DOI: 10.1108/agjsr-09-2025-0175 ISSN: 1985-9899

Trends in microplastic threats to marine ecosystems (2015–2025): a bibliometric and literature-based assessment

Leji Latheef, Shibini Mol PA, Jesitha Kottekottil

Purpose

This study presents a comprehensive bibliometric and literature-based assessment of global research on microplastic (MP) and nanoplastic (NP) bioaccumulation and toxicity in marine organisms from 2015 to 2025, with particular emphasis on ecological risks, human health implications and emerging mechanistic insights into pollutant transfer across marine food webs.

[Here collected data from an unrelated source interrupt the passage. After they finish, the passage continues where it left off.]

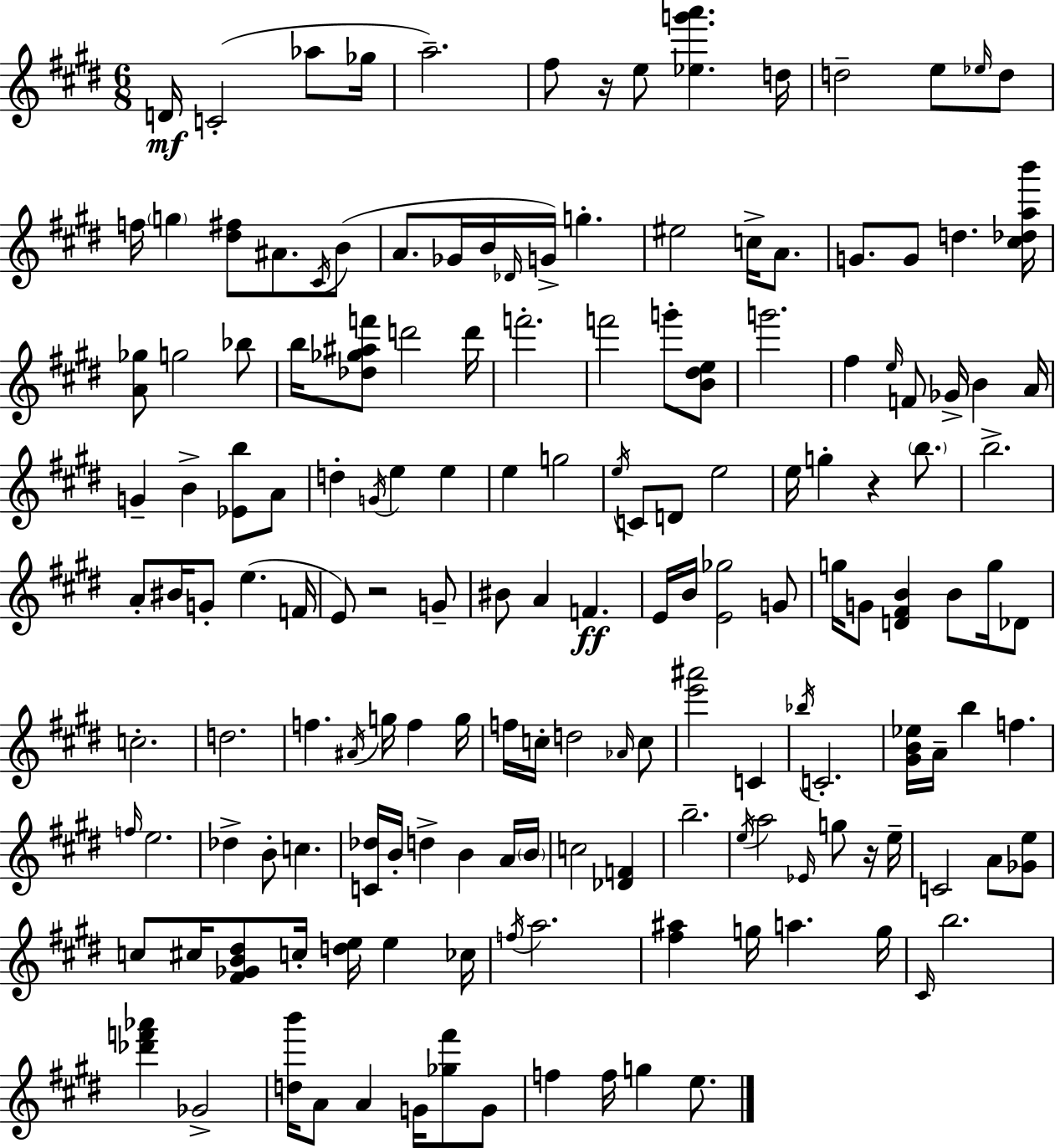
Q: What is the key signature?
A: E major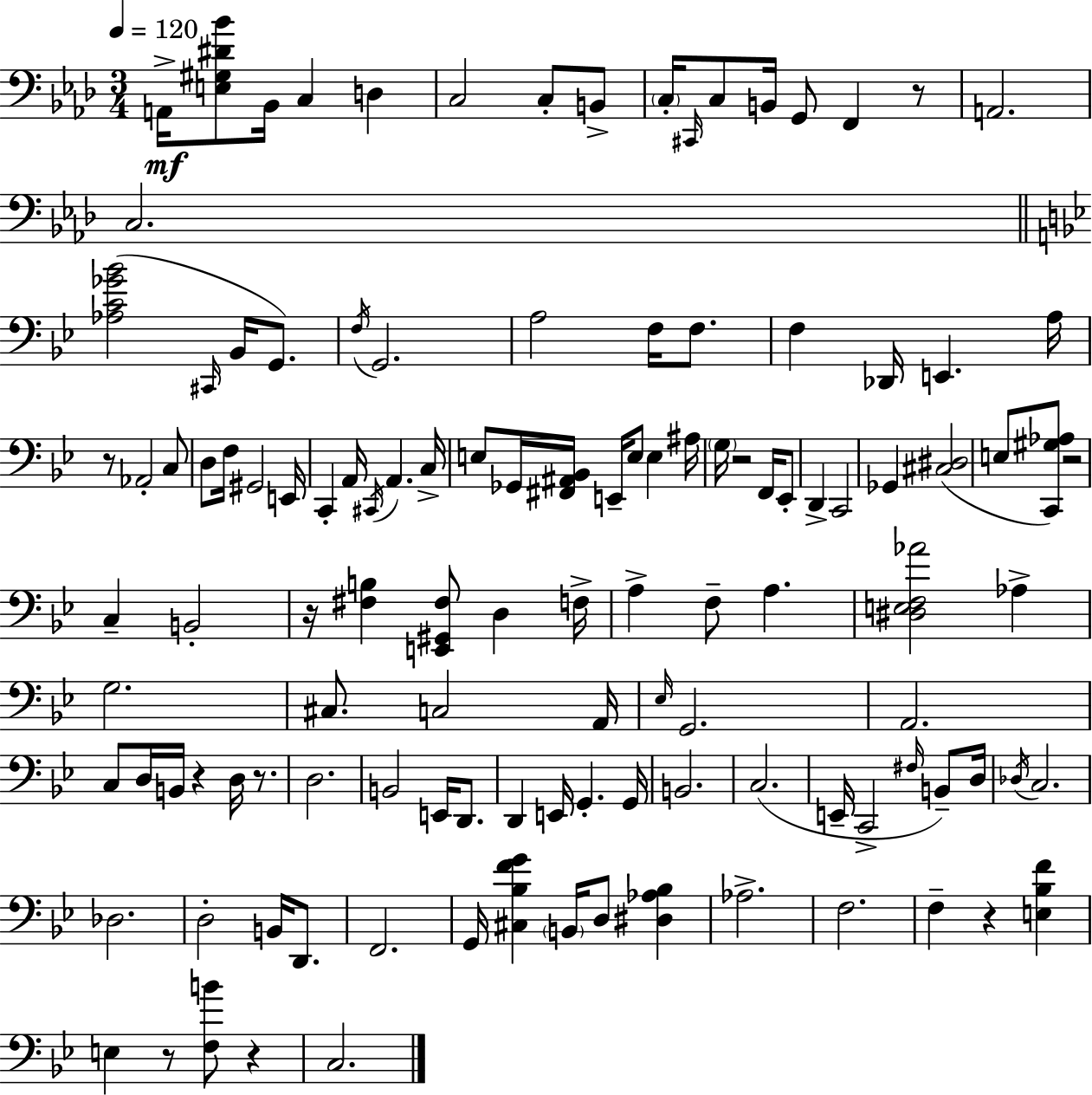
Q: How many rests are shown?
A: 10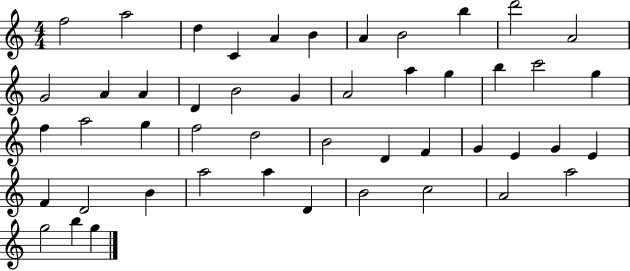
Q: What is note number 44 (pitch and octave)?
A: A4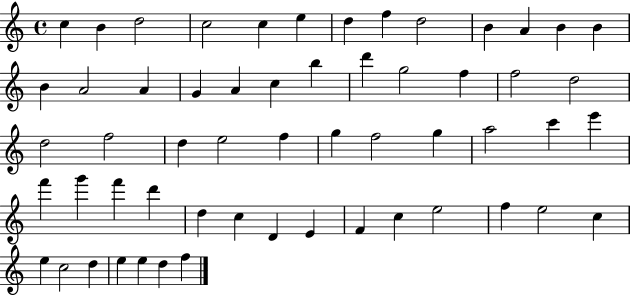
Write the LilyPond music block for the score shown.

{
  \clef treble
  \time 4/4
  \defaultTimeSignature
  \key c \major
  c''4 b'4 d''2 | c''2 c''4 e''4 | d''4 f''4 d''2 | b'4 a'4 b'4 b'4 | \break b'4 a'2 a'4 | g'4 a'4 c''4 b''4 | d'''4 g''2 f''4 | f''2 d''2 | \break d''2 f''2 | d''4 e''2 f''4 | g''4 f''2 g''4 | a''2 c'''4 e'''4 | \break f'''4 g'''4 f'''4 d'''4 | d''4 c''4 d'4 e'4 | f'4 c''4 e''2 | f''4 e''2 c''4 | \break e''4 c''2 d''4 | e''4 e''4 d''4 f''4 | \bar "|."
}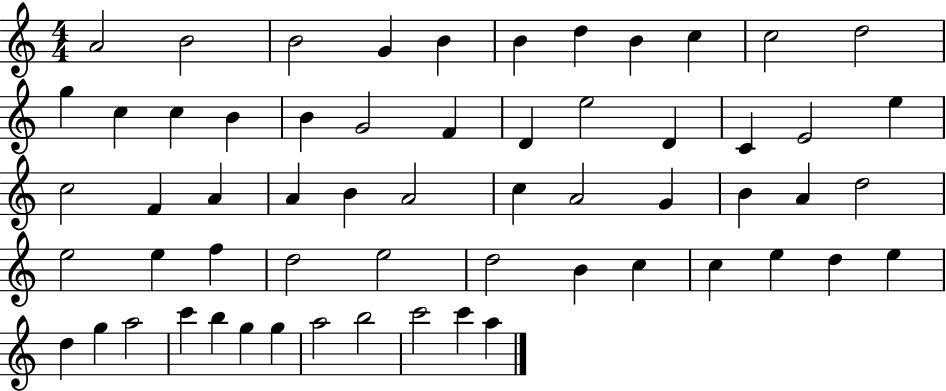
{
  \clef treble
  \numericTimeSignature
  \time 4/4
  \key c \major
  a'2 b'2 | b'2 g'4 b'4 | b'4 d''4 b'4 c''4 | c''2 d''2 | \break g''4 c''4 c''4 b'4 | b'4 g'2 f'4 | d'4 e''2 d'4 | c'4 e'2 e''4 | \break c''2 f'4 a'4 | a'4 b'4 a'2 | c''4 a'2 g'4 | b'4 a'4 d''2 | \break e''2 e''4 f''4 | d''2 e''2 | d''2 b'4 c''4 | c''4 e''4 d''4 e''4 | \break d''4 g''4 a''2 | c'''4 b''4 g''4 g''4 | a''2 b''2 | c'''2 c'''4 a''4 | \break \bar "|."
}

Design/methodology/approach

A dataset comprising 1,623 peer-reviewed publications indexed in Scopus was analyzed using VOSviewer to generate collaboration networks, co-citation maps and keyword clusters. Bibliometric findings were complemented by qualitative interpretations of highly cited studies to contextualize major advances in toxicological mechanisms, exposure pathways, model organisms and ecological risk frameworks.

Findings

Scientific output increased markedly after 2018, driven by advancements in analytical detection techniques and growing regulatory concern. China leads global research output, followed by Italy, India, Spain and the UK, whereas environmentally vulnerable regions such as the Arabian Gulf remain underrepresented. The research focus has evolved from descriptive occurrence studies to mechanistic and molecular-level toxicology, identifying oxidative stress, immunomodulation, gene expression changes, neurotoxicity and NP-specific risks such as tissue penetration and potential blood–brain barrier translocation. Recent literature further reinforces ecological risk assessment frameworks, seafood safety concerns and the need for harmonized monitoring strategies. Methodological limitations, including reliance on English-language Scopus-indexed publications, are acknowledged.

Originality/value

This study is among the first to integrate systematic bibliometric mapping with qualitative synthesis to identify the principal scientific drivers shaping a decade of MP/NP ecotoxicological research. The findings provide strategic directions for future investigations, including multi-omics approaches, standardized toxicity endpoints, enhanced regional surveillance and policy initiatives aimed at marine ecosystem protection and public health safeguarding.